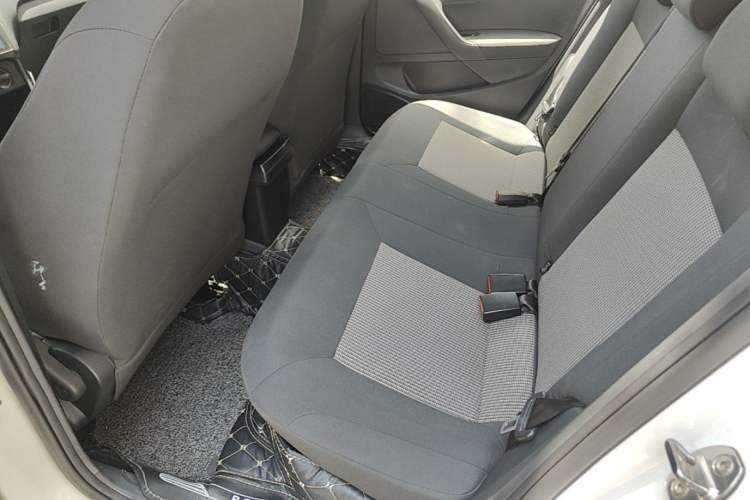 Used Volkswagen Polo 2016 1.4L Manual Fashion Model Left Rear Seat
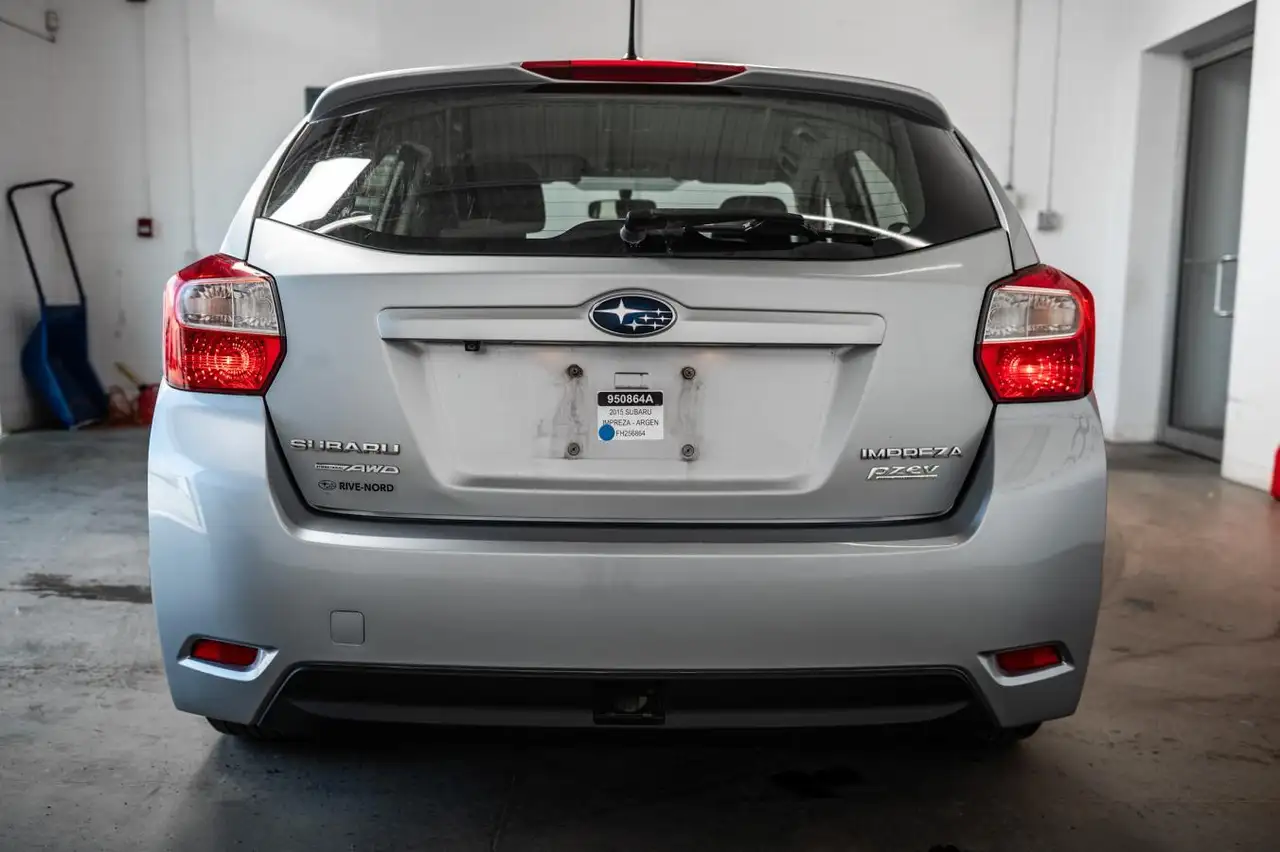 Subaru Impreza снимка Subaru Impreza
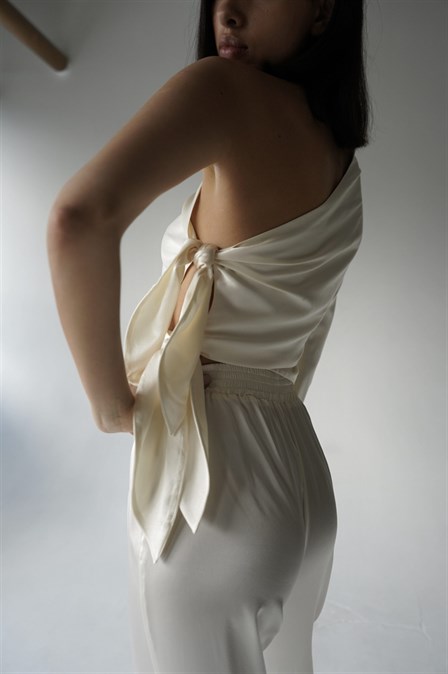 White silk one shoulder dress - photo 18137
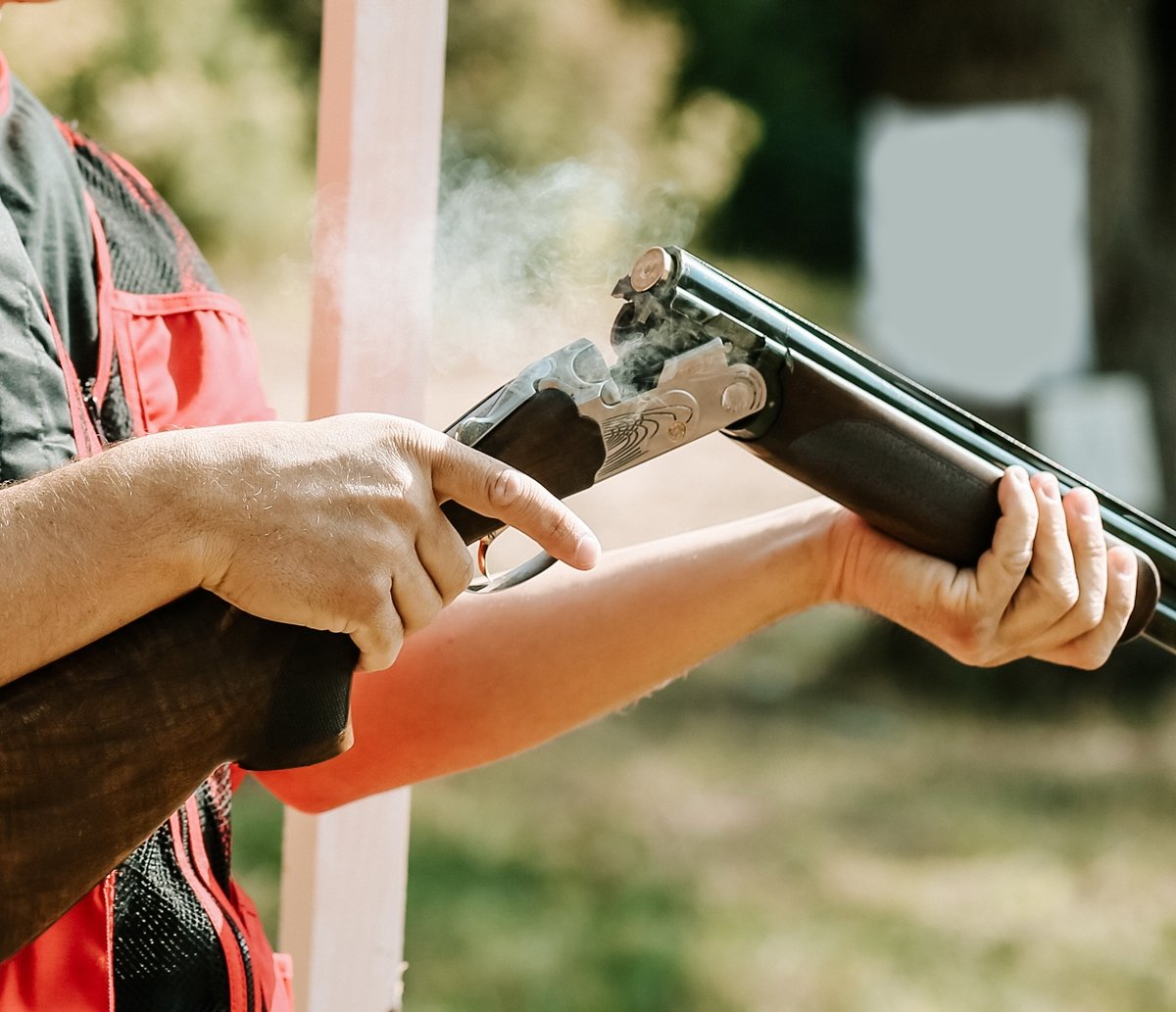 Tragédia: menino de 8 anos mata irmão por acidente após mexer em arma do pai no interior da Bahia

WHAT YOU SHOULD DO: Return the listing above unaltered, omitting its pictures.

ANSWER SPACE:
 Used Volkswagen Polo 2016 1.4L Manual Fashion Model Left Rear Seat
 Subaru Impreza снимка Subaru Impreza
 White silk one shoulder dress - photo 18137
 Tragédia: menino de 8 anos mata irmão por acidente após mexer em arma do pai no interior da Bahia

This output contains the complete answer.